2. The image processing apparatus according to claim 1, wherein the calculation unit obtains a sum in which an error for each pixel between the calculation result and the teacher image is weighted as an error between the calculation result and the teacher image, a weight for an error between a pixel belonging to the boundary region in the teacher image and a corresponding pixel in the calculation result being larger than a weight for an error between a pixel not belonging to the boundary region in the teacher image and a corresponding pixel in the calculation result.
3. The image processing apparatus according to claim 2, wherein the calculation unit sets a value corresponding to an area ratio between a boundary region and a non-boundary region in the teacher image as a weight for an error between a pixel belonging to the boundary region in the teacher image and a corresponding pixel in the calculation result.
4. The image processing apparatus according to claim 1, wherein the learning unit learns the learning model by updating a parameter of the learning model so as to further reduce an error between the calculation result and the teacher image.
5. The image processing apparatus according to claim 1, wherein the boundary region in the teacher image is a region of a boundary line between regions having different assigned labels.
6. The image processing apparatus according to claim 1, wherein the boundary region in the teacher image is a region including a boundary line between regions having different assigned labels and a peripheral region of the boundary line.
7. The image processing apparatus according to claim 1, wherein the learning unit dynamically changes a width of the boundary region.

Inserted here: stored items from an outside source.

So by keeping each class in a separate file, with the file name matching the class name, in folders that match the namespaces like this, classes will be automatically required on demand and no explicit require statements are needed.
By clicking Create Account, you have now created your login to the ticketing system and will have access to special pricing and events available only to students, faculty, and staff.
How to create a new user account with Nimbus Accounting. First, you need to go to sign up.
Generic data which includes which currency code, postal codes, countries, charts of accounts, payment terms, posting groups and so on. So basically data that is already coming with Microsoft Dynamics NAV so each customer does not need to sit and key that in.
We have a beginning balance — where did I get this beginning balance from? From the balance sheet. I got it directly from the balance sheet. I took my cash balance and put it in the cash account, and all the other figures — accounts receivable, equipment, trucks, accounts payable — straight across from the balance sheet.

8. The image processing apparatus according to claim 1, wherein the calculation unit performs the error calculation by emphasizing an error corresponding to a boundary region in a binarized teacher image obtained by binarizing the teacher image.

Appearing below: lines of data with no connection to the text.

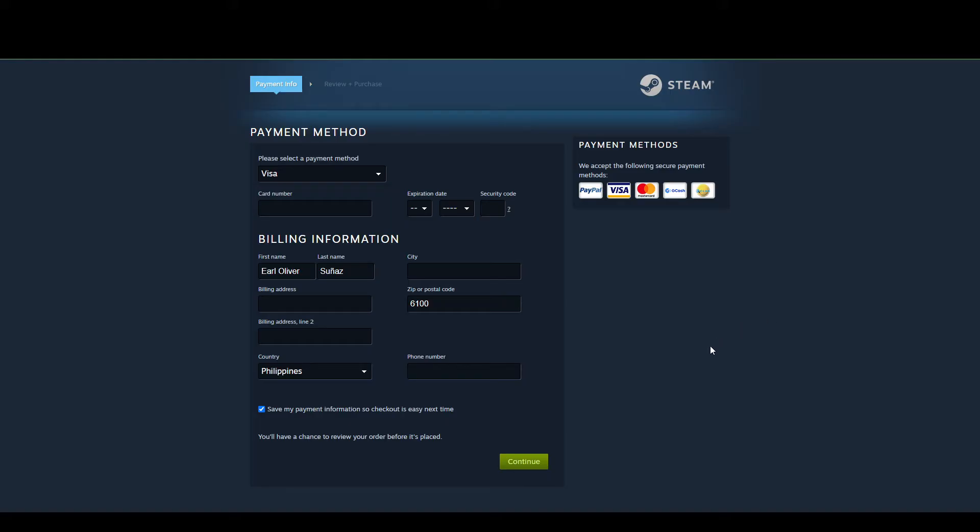That's pretty much it. Once you're done, just click continue and either funds will be added to your Steam account or you can successfully check out a game.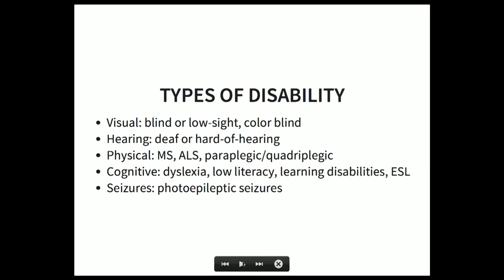So what are some different types of disability? There's visual, which includes somebody who is blind, has low vision, or is colorblind. Hearing disabilities — anybody who is deaf or hard of hearing. Physical disabilities, which can include MS, ALS, paraplegia, or quadriplegia. Cognitive disabilities such as learning disabilities, dyslexia, or low literacy. I also group English as a second language here — not that it's a disability, but lessening the cognitive load helps non-native speakers too. And finally, seizures — specifically photoepileptic seizures, which can be caused by flickering images or very high contrast on a site.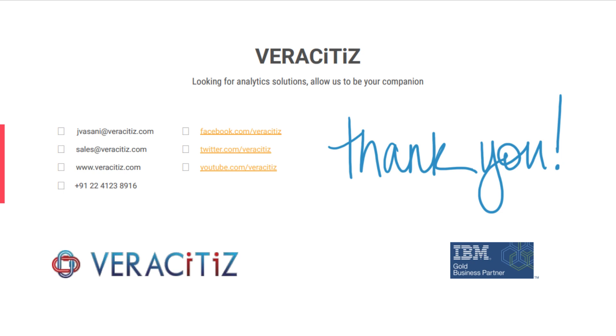This is about data exploration in Cognos Analytics. Thank you for watching from team Veracity.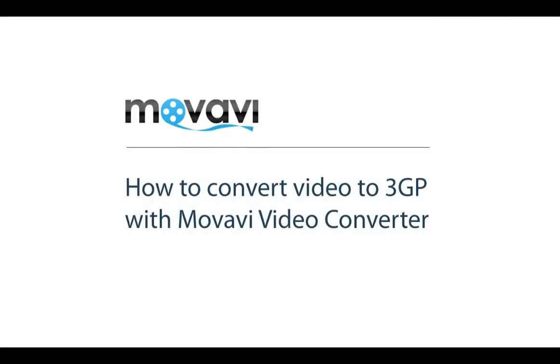Dear friends, this tutorial is going to show you how to convert video to 3GP format with Movavi Video Converter.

9. An image processing apparatus comprising:
an input unit configured to input an image; and
a detection unit configured to detect an object from the input image by using a parameter of a learning model learned by making an error corresponding to a boundary region of the object included in the image larger than other regions.

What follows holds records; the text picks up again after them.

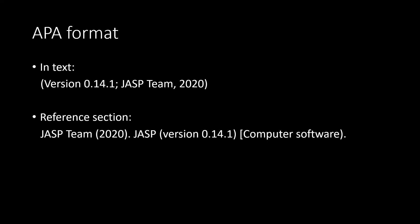To cite JASP in APA format, we're going to need both an in-text and a reference section citation. For the in-text, we'll have our version number, JASP team, and the year of that version.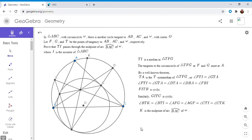This is a really nice configuration with a lot of cool properties you can find once you've constructed these mixtilinear incircles. I hope in the future I'll be able to post more videos using it. If you like this video, give it a thumbs up, and if you want to see more like this, feel free to subscribe to my channel. Thanks everyone.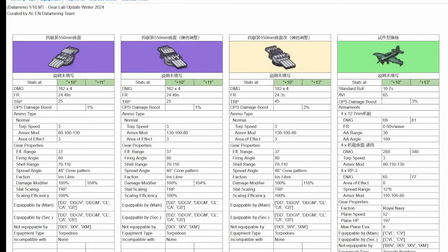What's up guys, in this video I'll be going over the new gear lab update, starring the new ultra rare torpedo bomber, the fairy spearfish. I'll leave the data mine in the description as usual so you can look over it yourself.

10. An image processing method performed by an image processing apparatus, comprising:
performing an error calculation to obtain an error between a calculation result of a learning model to which a learning image is input and a teacher image corresponding to the learning image;
performing learning of the learning model based on the error, and
performing, in the calculation, the error calculation by making an error corresponding to a boundary region of an object in the teacher image larger than other regions.
11. An image processing method comprising:
inputting an image; and
detecting the object from the input image using a parameter of a learning model learned by making an error corresponding to a boundary region of an object included in the image larger than other regions.
12. A non-transitory computer-readable storage medium storing a computer program for causing a computer to function as:
a calculation unit configured to perform an error calculation to obtain an error between a calculation result of a learning model to which a learning image is input and a teacher image corresponding to the learning image; and
a learning unit configured to perform learning of the learning model based on the error; wherein
the calculation unit performs the error calculation by making an error corresponding to a boundary region of an object in the teacher image larger than other regions.
13. A non-transitory computer-readable storage medium storing a computer program for causing a computer to function as:
an input unit configured to input an image; and
a detection unit configured to detect an object from the input image by using a parameter of a learning model learned by making an error corresponding to a boundary region of the object included in the image larger than other regions.